Heri Purwadyo Penulis | Ipnu Subroto Editor
HARIANEXPRESS, JAKARTA – Wali Kota Administrasi Jakarta Pusat Arifin mengimbau masyarakat agar mewaspadai pihak yang mengatasnamakan Palang Merah Indonesia (PMI) untuk menghimpun donasi di luar petugas resmi selama pelaksanaan Bulan Dana PMI 2026, Kamis (3/9/2026).
Arifin menegaskan perlunya penyelidikan jika ada pihak yang mencari keuntungan pribadi dari Bulan Dana PMI. Ia mengatakan, tindakan semacam itu merupakan pelanggaran hukum.
Semua petugas yang terlibat dalam penggalangan Bulan Dana PMI telah ditentukan melalui mekanisme resmi. Di lingkungan masyarakat, penggalangan dana dilakukan melalui jajaran kelurahan dengan melibatkan RT dan RW.
Arifin menambahkan, di lingkungan sekolah, Dinas Pendidikan melaksanakan penggalangan dana melalui pihak sekolah. Oleh karena itu, masyarakat diminta untuk memastikan identitas petugas sebelum memberikan donasi kepada pihak yang mengatasnamakan PMI.
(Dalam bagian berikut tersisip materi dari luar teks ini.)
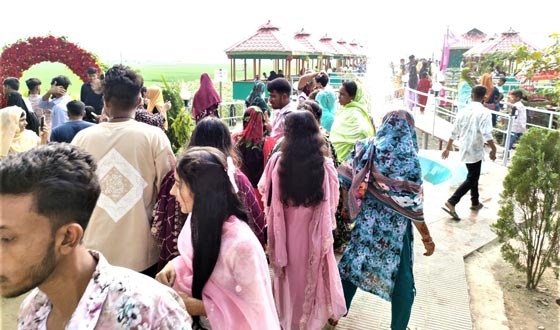 ঈদে টাঙ্গাইলের বিনোদন কেন্দ্রে উপচেপড়া ভিড়
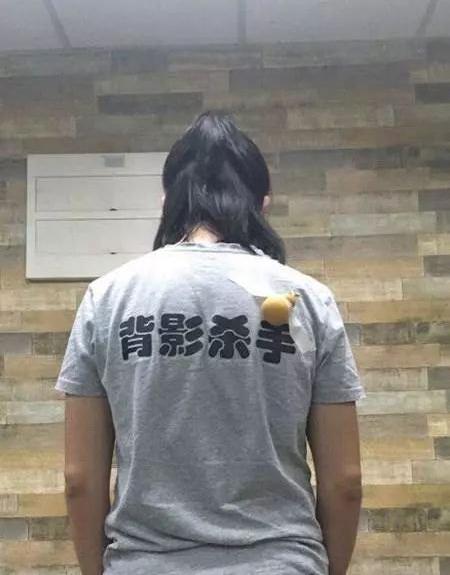 搞笑图片集:明明背影已然妖娆可人何必再转身吓人呢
“Kalau memang ada yang seperti itu, harus dicari tahu. Apakah mereka mencari keuntungan di Bulan Dana PMI untuk kepentingan pribadi. Kalau memang ada, itu tindakan pelanggaran hukum,” ujar Arifin.
“Sudah ditunjukkan petugas-petugasnya. Dalam hal, misalnya di teman-teman sekolah, Dinas Pendidikan melalui sekolah,” ucap Arifin.
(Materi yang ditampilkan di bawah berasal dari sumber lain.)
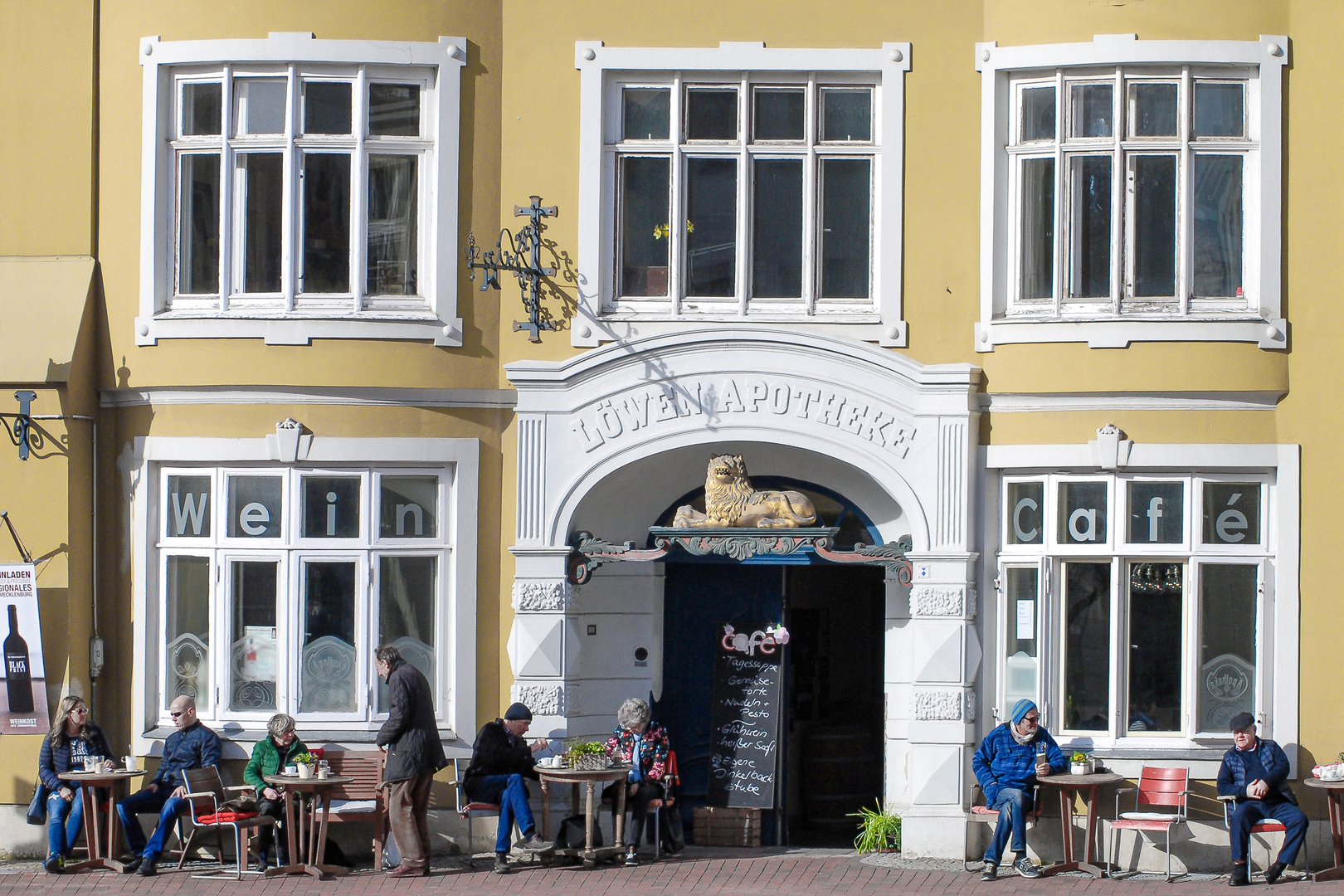 Café Alte Löwenapotheke in Wismar (2)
Arifin juga menjelaskan bahwa imbauan ini berkaitan dengan pertanyaan sebagian masyarakat mengenai pelaksanaan Bulan Dana PMI. Pertanyaan tersebut menunjukkan perlunya komunikasi yang lebih baik mengenai kegiatan dan penggunaan dana yang dihimpun.
Ia meminta lurah dan camat untuk memberikan penjelasan kepada masyarakat mengenai manfaat Bulan Dana PMI. Penjelasan ini harus mencakup berbagai pelayanan kemanusiaan yang dilakukan PMI, seperti penanggulangan bencana, pelayanan ambulans, dan pemenuhan kebutuhan darah.
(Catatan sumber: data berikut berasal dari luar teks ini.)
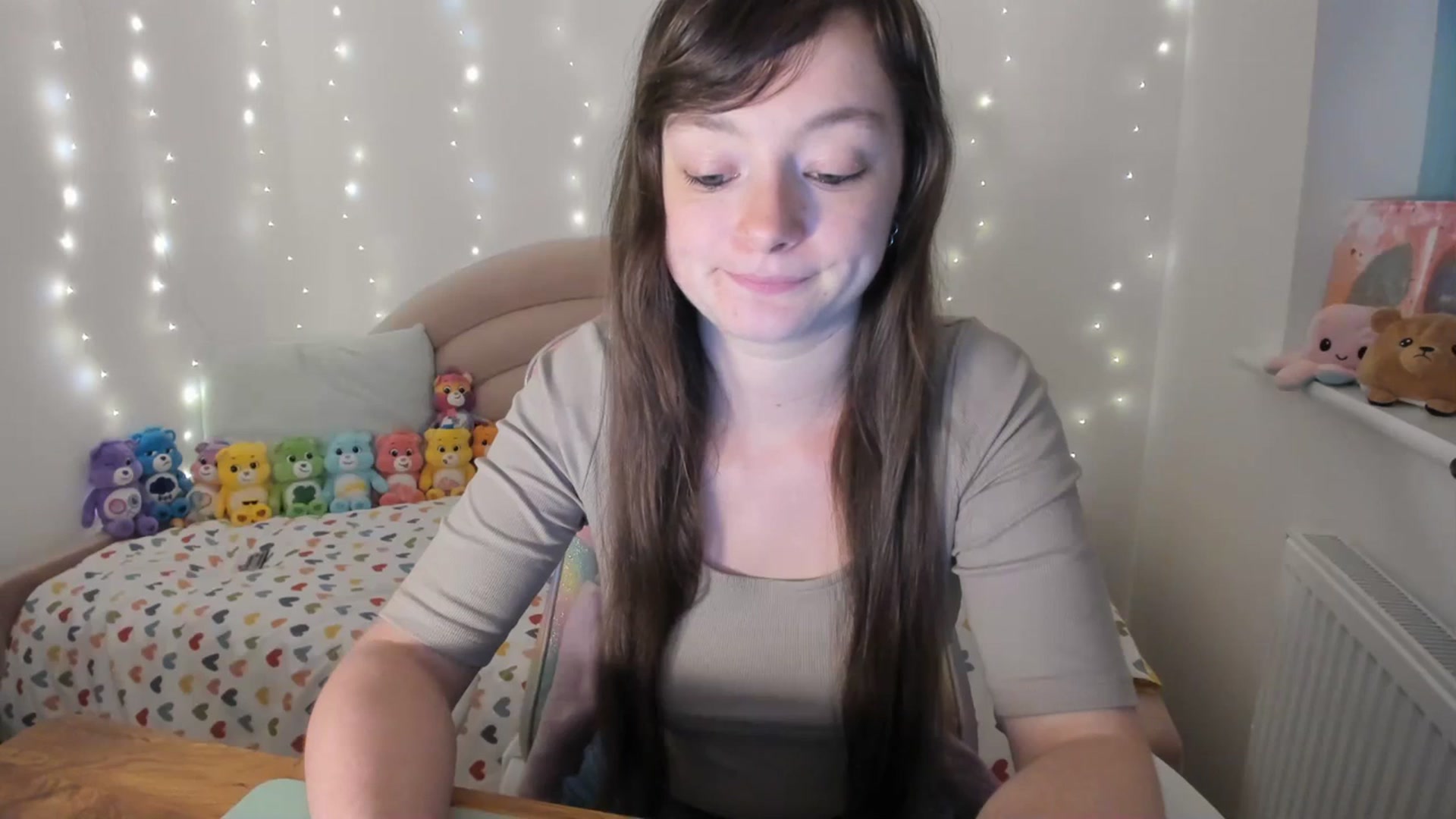 Gallery image thumbnail from JessieBear_'s myfreecams stream on, 11/20/2023, 18:04 image 16 of 20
“Ini sesungguhnya banyak sekali kegiatan sosial dan kemanusiaan yang dilakukan jajaran PMI. Ini yang mungkin belum seluruhnya tersampaikan kepada masyarakat,” tutur Arifin.
Wali Kota Arifin menilai transparansi dan komunikasi sangat penting agar masyarakat mengetahui bahwa dana yang dihimpun digunakan untuk mendukung pelayanan kemanusiaan. Ia berharap masyarakat berpartisipasi melalui mekanisme yang telah ditetapkan sehingga penggalangan dana berlangsung aman, tertib, dan dapat dipertanggungjawabkan.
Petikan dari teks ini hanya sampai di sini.